Working Memory Storage
Working memory is deliberately not stored persistently — it exists only in process RAM for the duration of a single conversation turn. This page explains the in-memory data structures, the conversation history cache, and how working memory is reconstructed when needed.
In-Process Only: By Design
Working memory contains the complete LLM context for the current turn. It is never written to disk, SQL, or a cache store. This is a deliberate architectural choice with several benefits:
- Freshness: Each turn is assembled from the authoritative sources — SQL episodes, vector knowledge, agent config. There is no stale cache to invalidate.
- Horizontal scaling: Any Octopus API server can handle any turn for any conversation. No server affinity or sticky sessions needed.
- No sensitive data at rest: Working memory may contain the full system prompt and retrieved PII-containing knowledge. Not persisting it means it cannot be exfiltrated from storage.
- Simplicity: No cache consistency problems, no eviction strategies, no distributed cache synchronisation.
In-Memory Conversation History
Between turns within the same HTTP session, the conversation message history is held in an in-memory store keyed by conversation ID. This is a ConversationHistoryCache held in a scoped DI lifetime:
// In-memory conversation history cache (per-request scope in ASP.NET Core)
public class ConversationHistoryCache
{
// Key: ConversationId (Guid)
// Value: ordered list of messages accumulated this session
private readonly Dictionary<Guid, List<LLMMessage>> _history = new();
public IReadOnlyList<LLMMessage> GetHistory(Guid conversationId)
=> _history.TryGetValue(conversationId, out var msgs)
? msgs.AsReadOnly()
: Array.Empty<LLMMessage>();
public void AppendTurn(Guid conversationId, LLMMessage userMsg, LLMMessage assistantMsg)
{
if (!_history.ContainsKey(conversationId))
_history[conversationId] = new List<LLMMessage>();
_history[conversationId].Add(userMsg);
_history[conversationId].Add(assistantMsg);
}
}
Session Persistence via EpisodicMessages
Although working memory itself is not persisted, each message in the current session is also written to Octopus_EpisodeMessages in SQL. This allows full reconstruction of the conversation if the server restarts mid-session:
// On every turn: write message to SQL for durability
await _episodicStore.AddMessageAsync(episode.EpisodeId, new EpisodeMessage
{
Role = "user",
Content = userMessage,
TokenCount = _tokenCounter.Count(userMessage),
CreatedAt = DateTime.UtcNow
}, ct);
// If server restarts, reconstruct from SQL on next request:
var messages = await _episodicStore.GetSessionMessagesAsync(conversationId, ct);
// → Re-populate in-memory history from DB
Token Budget Management in RAM
The token budget calculation and pruning happen entirely in process, before the messages array is sent to the LLM provider:
public class WorkingMemoryManager
{
public async Task<IReadOnlyList<LLMMessage>> BuildAsync(
AgentComposite agent,
ConversationComposite conversation,
MemoryAssembly memoryAssembly,
string userMessage,
CancellationToken ct)
{
// 1. Assemble all messages (system + knowledge + history + current)

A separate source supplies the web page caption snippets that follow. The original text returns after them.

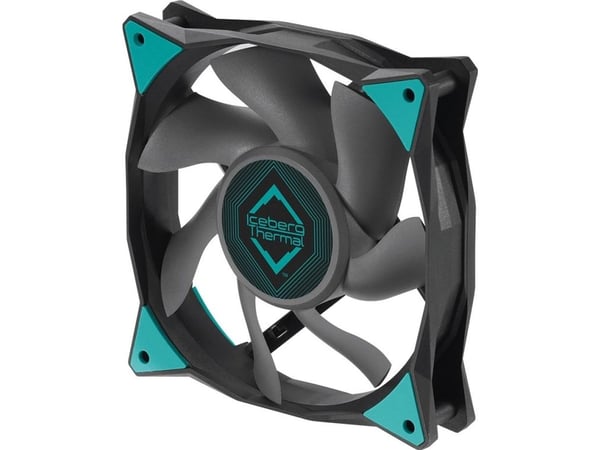 Iceberg Thermal IceGALE, Vifte, 12 cm, 500 RPM, 1850 RPM, Sort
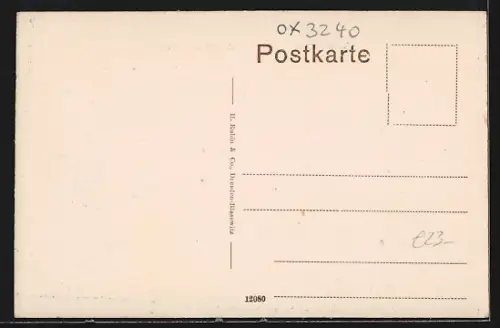 AK Neuhaldensleben, Blick in die Calvörder-Strasse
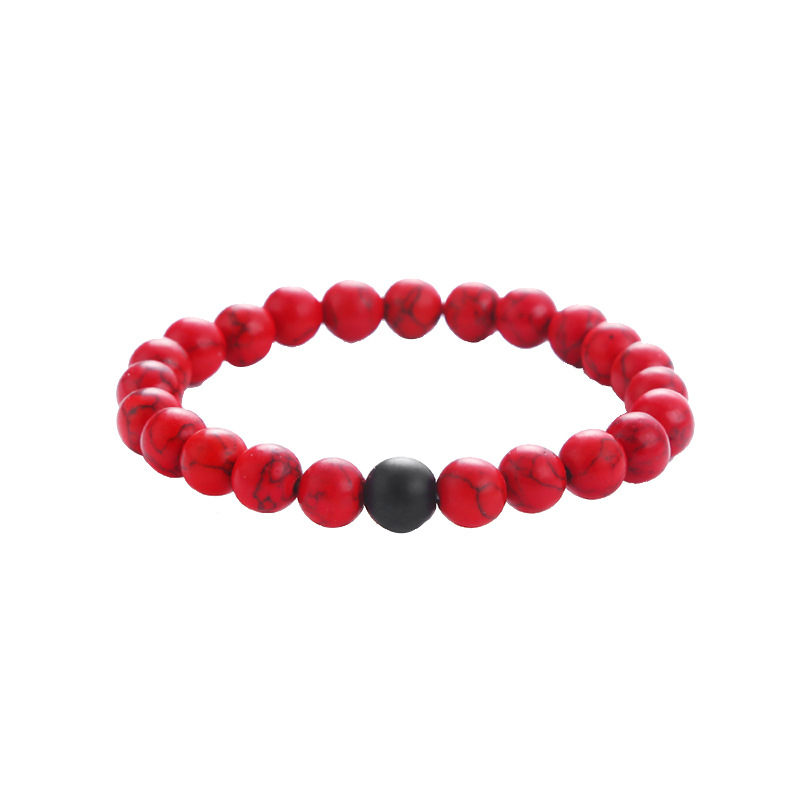 matte turquoise fashionable beaded bracelet handmade natural stone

var messages = Assemble(agent, conversation, memoryAssembly, userMessage);
// 2. Count total tokens
int totalTokens = _counter.CountMessages(messages);
// 3. Prune if over budget (modifies only the in-memory list)
if (totalTokens > agent.MemoryConfig.MaxWorkingMemoryTokens)
{
messages = await _pruner.PruneAsync(
messages,
agent.MemoryConfig.MaxWorkingMemoryTokens,
ct);
}
return messages; // Sent directly to LLM provider — never written to disk
}
}
RAM Footprint Estimate
| Component | Typical Size | Notes |
|---|---|---|
| System prompt | 2–5 KB | Text only |
| Retrieved knowledge (5 chunks) | 5–20 KB | Depends on chunk size |
| Episodic snippets (3 episodes) | 2–6 KB | Summaries, not full messages |
| Message history (20 turns) | 20–100 KB | Wide variance based on message verbosity |
| Total working memory | 30–130 KB per active turn | Released when request completes |
Because working memory is rebuilt on every turn, there is no cache warm-up period after a deployment or server restart. The first turn for any conversation is as fast as any subsequent turn.